Using Wikidata to capture and share information about paleontological collecting sites

4-5 October 2022, Virtual

This workshop will build on experience gained by participants in Part I of the series (Using Wikidata to capture and share information about people in paleontology) to explore the possibility of using Wikidata to curate community knowledge about paleontological collecting sites. Participants will begin by defining our information needs regarding paleontological collecting sites, including flagging aspects of the data that may be problematic to share publicly. We will then assess how these information needs could, or could not, fit into a Wikidata model. We will use a predetermined set of representative paleo collecting sites as test data for this workshop.

Using Wikidata to capture and share information about people in paleontology

29-31 March 2022, Virtual

This workshop will serve as a hands-on introduction to finding, editing, and using data in wikidata, using people associated with paleontology collections (e.g., collectors, researchers, collections staff) as subjects for this introduction. Wikidata offers a solution for capturing and sharing information about people that allows the paleontology community to capitalize on the distributed knowledge curated by individual collections. This workshop will explore how anyone working in paleo can add information to wikidata efficiently, as well as how to create links between wikidata and a collections management system (CMS). Workshop participants will co-create guidelines for disambiguating people and curating wikidata entries in the paleo context, including what types of information are ideal to capture (e.g., birth and death dates, research areas, collecting focus, links to publications, links to archival materials, etc.). These guidelines will build on existing work done by the bat research and collections community (see Leachman 2020), and will be disseminated after the workshop as a white paper.

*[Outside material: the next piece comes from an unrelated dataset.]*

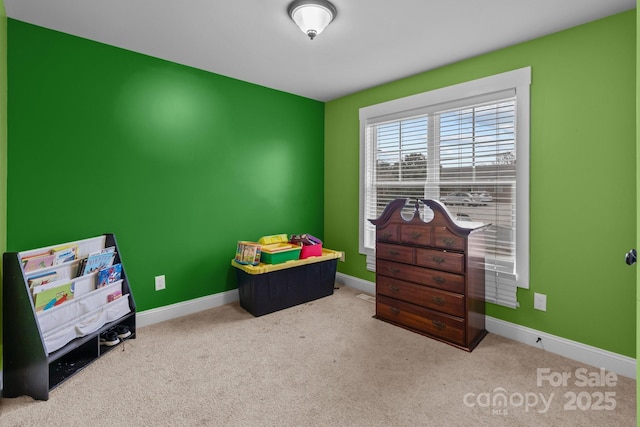 playroom with carpet floors and baseboards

Georeferencing for Paleo: Refreshing the approach to fossil localities

27-29 April 2020, Virtual

As the United States paleo collections community wraps up funding on several Thematic Collections Networks we recognize that a significant amount of digitization work remains to be done and that georeferencing is one of the next big roadblocks, both within the US and for our colleagues around the world. Across all collection types, there are major issues with the quality of georeference data currently available on biodiversity data aggregators such as iDigBio and GBIF. For paleo collections, there are additional issues related to applying existing georeferencing workflows in the paleontological context, as well as to sharing georeference data publicly. This workshop will take advantage of the momentum catalyzed by funding in the US paleontological collections community to address critical issues related to georeferencing workflows and georeferencing data quality.